Geiger, McLAREN, Doyle
The opinion of the court was delivered by: Geiger
JUSTICE GEIGER delivered the opinion of the court:
After a bench trial in the circuit court of Du Page County, the defendant, Michael W. Gwinn, was convicted of felony retail theft (Ill. Rev. Stat. 1987, ch. 38, par. 16A-3(a) (now codified, as amended, at 720 ILCS 5/16A-3(a) (West 1992))) and sentenced to two years in the Department of Corrections. On appeal, the defendant argues that his conviction should be reversed because the State filed the information in this case after the statute of limitations for felony retail theft had run. We reverse and remand.
On April 13, 1988, the State filed a complaint stemming from an incident occurring on April 12, 1988, where the defendant carried 20 cartons of cigarettes out of a grocery store in Lombard, Illinois, without paying for them. The defendant appeared in court on May 2, 1988, and waived his right to a preliminary hearing. The State informed the trial court that it was not ready to file an information.
The trial court held a hearing on May 31, 1988, for the purpose of arraignment. The assistant State's Attorney informed the court that he did not have the file for this case and was unprepared to file an information. Defense counsel informed the court that he intended to file a Treatment Alternatives to Street Crime (TASC) petition and therefore did not object to a continuance. The court continued the matter until July 6.
The defendant did not appear at the July 6 hearing. Defense counsel informed the court that the defendant did not appear for an interview with TASC. The court forfeited the defendant's bond. The defendant appeared at an August 10, 1988, hearing on the bond forfeiture, and the court vacated the July 6 forfeiture order.
The defendant did not appear at an August 17 hearing on his TASC petition. The trial court again ordered the defendant's bond forfeited. Neither the defendant nor defense counsel appeared at a September 21 hearing on the forfeiture. The trial court entered. judgment on the bond forfeiture and issued a warrant for the defendant's arrest. On October 21, 1988, the trial court ordered the case placed on inactive status.
At an October 21, 1990, status hearing on the warrant, the trial court asked if there was an information. The assistant State's Attorney replied, "If you don't have any in the file, I don't know, Judge." At an October 25, 1991, status hearing, the trial court asked the same question. The assistant State's Attorney told the court that he "would like to review that."

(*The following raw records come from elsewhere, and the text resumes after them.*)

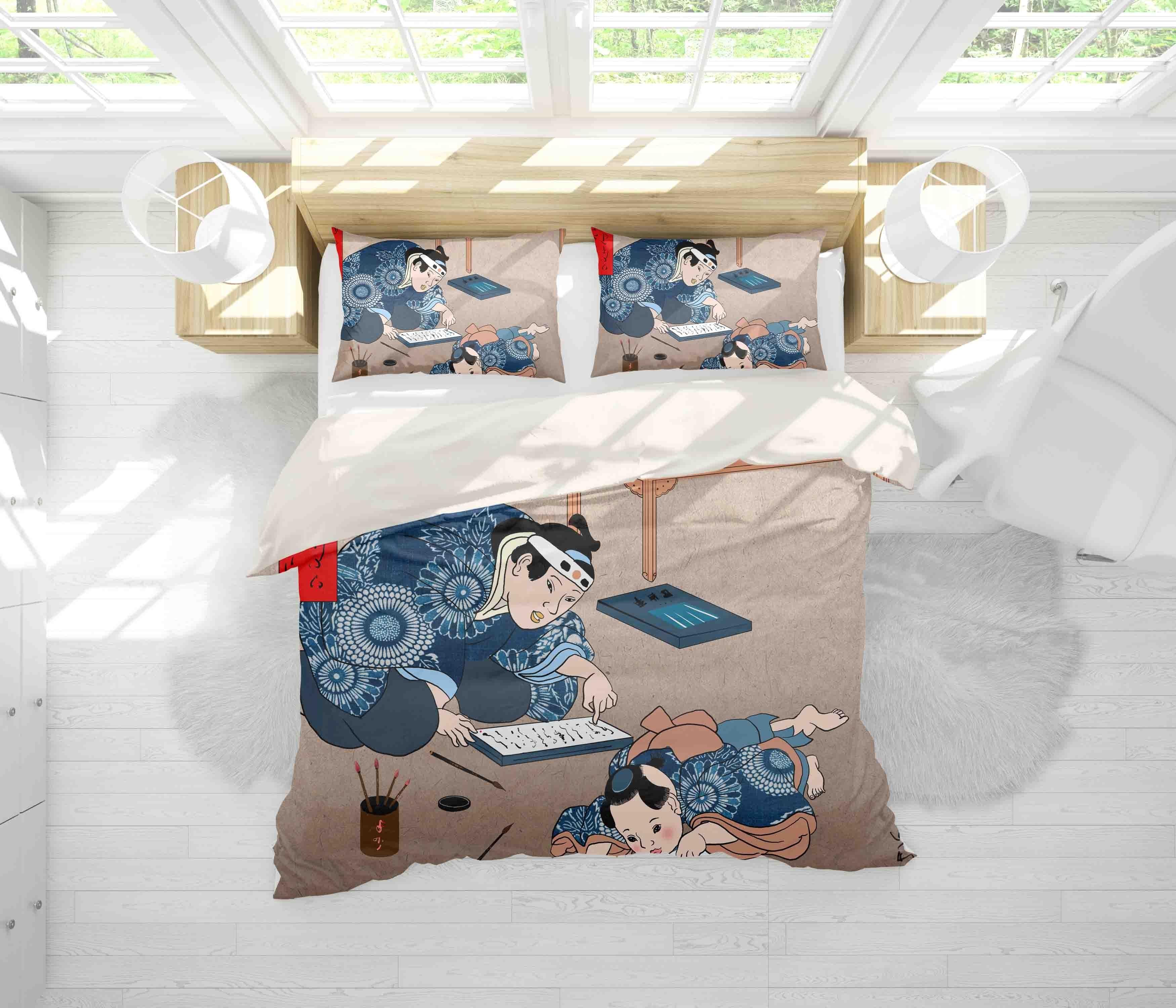 3D Abstract Kimono Woman Quilt Cover Set Bedding Set Pillowcases 74- Jess Art Decoration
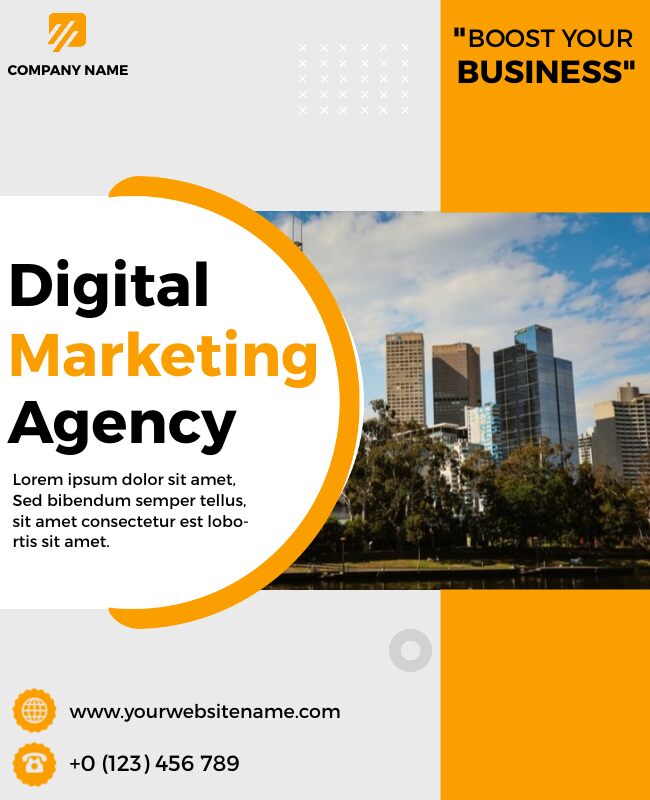 Digital marketing flyer with a bold grey and orange color scheme.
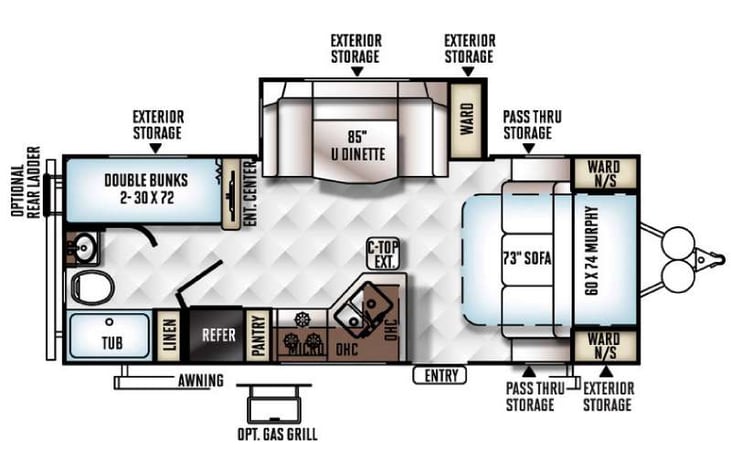Representative floor plan provided by a trusted RVshare partner.
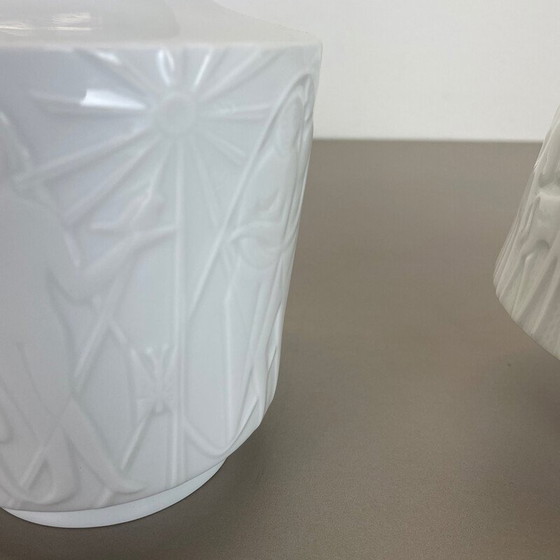 Image 1 of Paire de vases vintage en porcelaine Op Art pour Edelstein Bavaria, Allemagne 1970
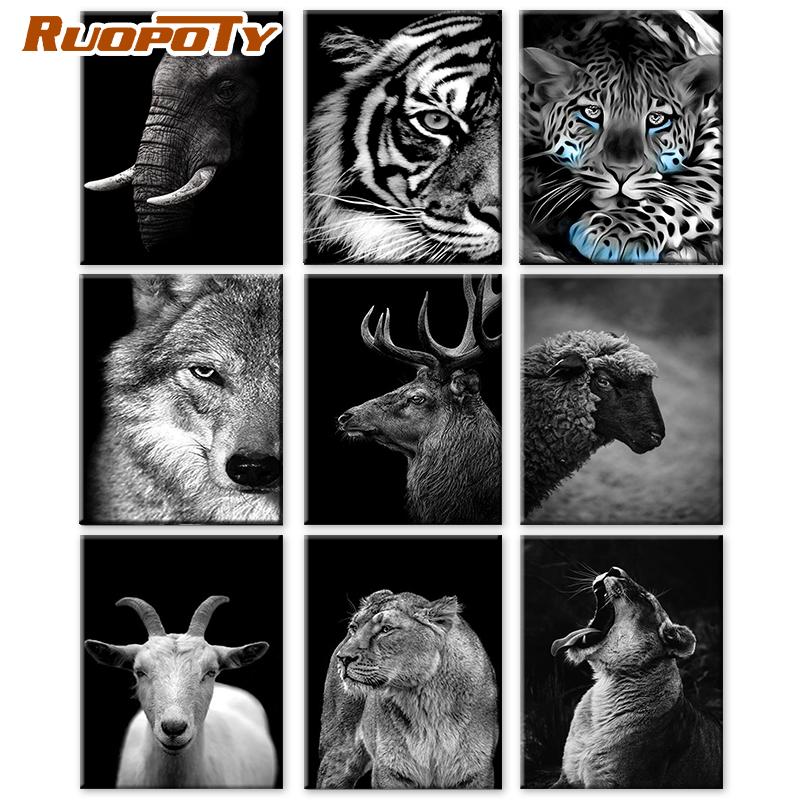 RUOPOTY Картина по номерам Слон, акрил на холсте, уникальный подарок, картина по номерам, лев, животное, украшение для дома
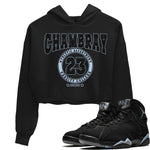 Air Jordan 7 Chambray shirt to match jordans Varsity sneaker tees AJ7 Chambray SNRT Sneaker Release Tees Black 1 Crop T-Shirt
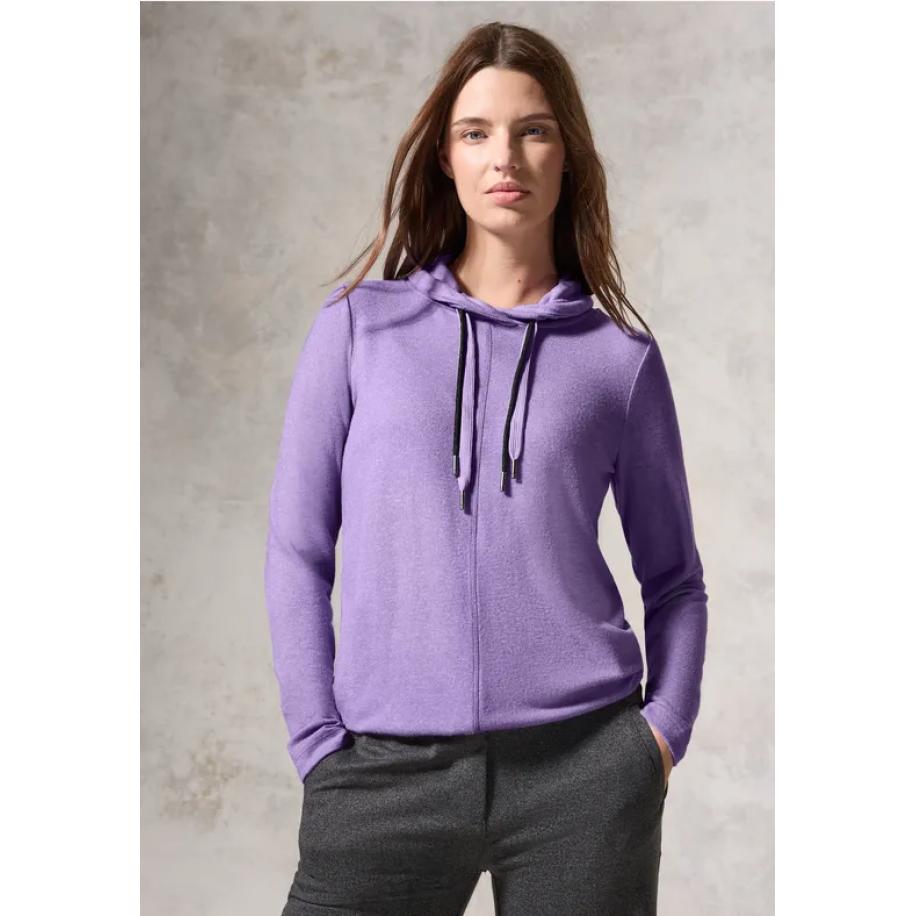 CECIL Shirt met sjaalkraag Paars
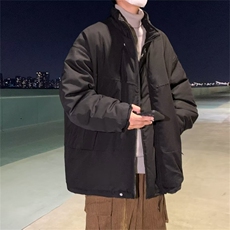 复古立领加厚棉衣男冬季潮牌纯色面包服cityboy情侣外套V5126-p88，男装棉衣，星座1008-1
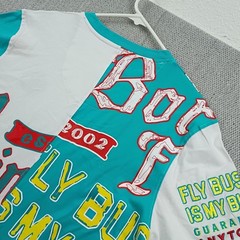 Born Fly Graphic Tee Mens Large Turquoise White Streetwear Split Panel Shirt NWT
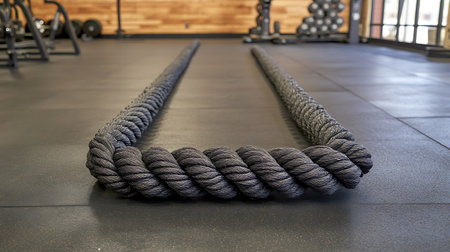 Thick black training rope lies on a gym floor. U-shaped rope ready for fitness workout.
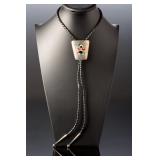 Vintage Zuni Multi Stone Inlay Kachina Dancer Native American Bolo Tie Sterling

The defendant was arrested on January 28, 1992, in Cook County, Illinois, on an unrelated offense. He appeared before the trial court on February 14, 1992, and the State filed an information on February 19. The court held a bench trial on June 19, 1992, and found the defendant guilty of retail theft. The trial court denied the defendant's post-trial motion and sentenced the defendant to two years in the Department of Corrections. This timely appeal followed.
The defendant claims that, because the information filed in this cause failed to allege that the offense occurred within the applicable limitations period and failed to plead an exception to the statute of limitations, his conviction must be reversed. The State does not dispute the defendant's claim that the charging instrument in this case is defective and instead argues that the defendant has waived this issue on appeal.
A prosecution for felony retail theft must be commenced within three years after the commission of the offense. (Ill. Rev. Stat. 1991, ch. 38, par. 3-5(b) (now 720 ILCS 5/3-5(b) (West 1992)).) This means that the charging instrument must allege that the defendant committed the offense at some time prior to the return of the indictment or the filing of the information and within the period fixed by the statute of limitations. ( People v. Strait (1978), 72 Ill. 2d 503, 506, 381 N.E.2d 692.) If the charging instrument shows on its face that the alleged offense was committed after the limitations period has run, it must allege facts which would invoke an extended limitations period or toll the running of the limitations period (see Ill. Rev. Stat. 1991, ch. 38, pars. 3-6, 3-7 (now 720 ILCS 5/3-6, 3-7 (West 1992))). ( Strait, 72 Ill. 2d at 506.) The information here alleged that defendant committed a felony offense on April 12, 1988. It was filed, however, almost four years after the alleged date of the offense and did not allege any facts invoking exclusion from the statute of limitations.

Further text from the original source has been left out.